The pandemic has magnified the risks already present at both public and business level. During the crisis, we have been able to ponder the links between social factors and the effects of the virus along different patterns of wealth distribution, clearly defining the present situation as a syndemic rather than a pandemic. It is a syndemic that has ushered in a “new normal” for humanity, characterized by two phenomena:
- directly or indirectly affecting health and healthcare systems, alongside worsening global inequality, triggering an array of physical risks for our socio-economic systems – from Europe’s floods to wildfires in the Americas, from droughts in Africa to tropical storms in Asia – with climate and weather-related disasters surging fivefold over 50 years
From the many lessons learned from COVID-19, there is a tremendous opportunity to reconsider the way we measure systemic risks in finance, including new and more fitting dimensions and parameters. There is also the need to look at new methodologies. More than a decade ago, a report by the Commission on the Measurement of Economic Performance and Social Progress (CMEPSP) reminded us of the problems of using gross domestic product as a unidimensional measure of macroeconomic progress and proxy for economic well-being.
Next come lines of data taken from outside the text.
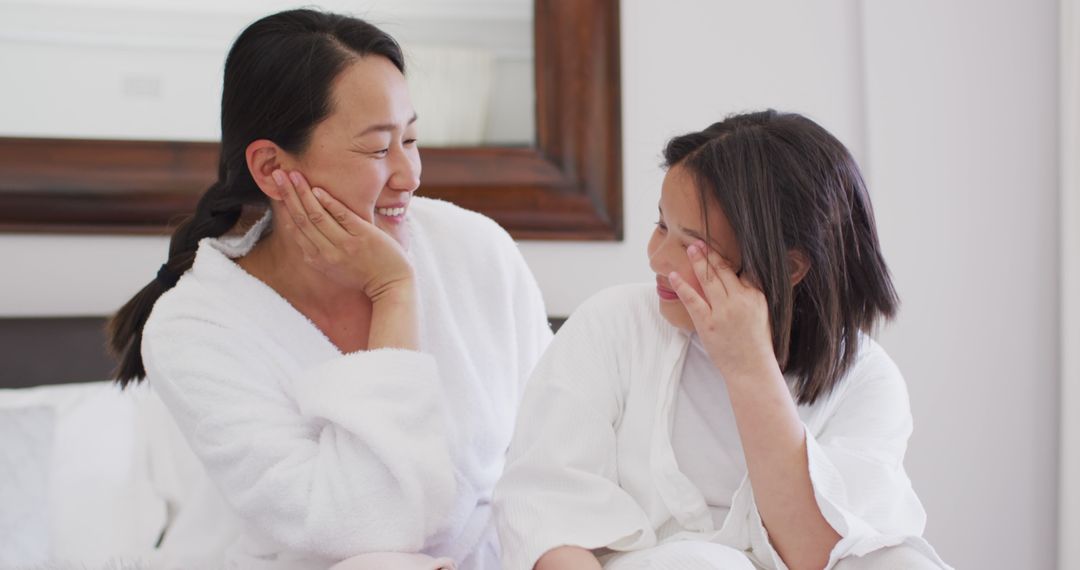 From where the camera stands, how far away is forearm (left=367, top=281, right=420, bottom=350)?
1495 millimetres

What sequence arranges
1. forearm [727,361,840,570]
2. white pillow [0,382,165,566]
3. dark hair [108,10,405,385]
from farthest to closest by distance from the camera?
white pillow [0,382,165,566] < dark hair [108,10,405,385] < forearm [727,361,840,570]

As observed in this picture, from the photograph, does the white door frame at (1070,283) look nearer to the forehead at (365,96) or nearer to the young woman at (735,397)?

Yet, this was by no means a new critique. Simon Kuznets – one of the main originators of GDP in the 1930s – was already aware of GDP’s limitations and believed it was not a proxy for wealth on its own. Today, we have come a long way. In 2018, the Nobel Prize in economic sciences was awarded for integrating climate change and technological innovations into long-run macroeconomic analysis. A year later, the prize went for work on an experimental approach to alleviating global poverty. The “prosperity puzzle” is currently top of the agenda of international institutions. Yet, in 2021, the risks and opportunities associated with messing up the puzzle – or precisely how to solve it – are still not widely considered and properly calculated.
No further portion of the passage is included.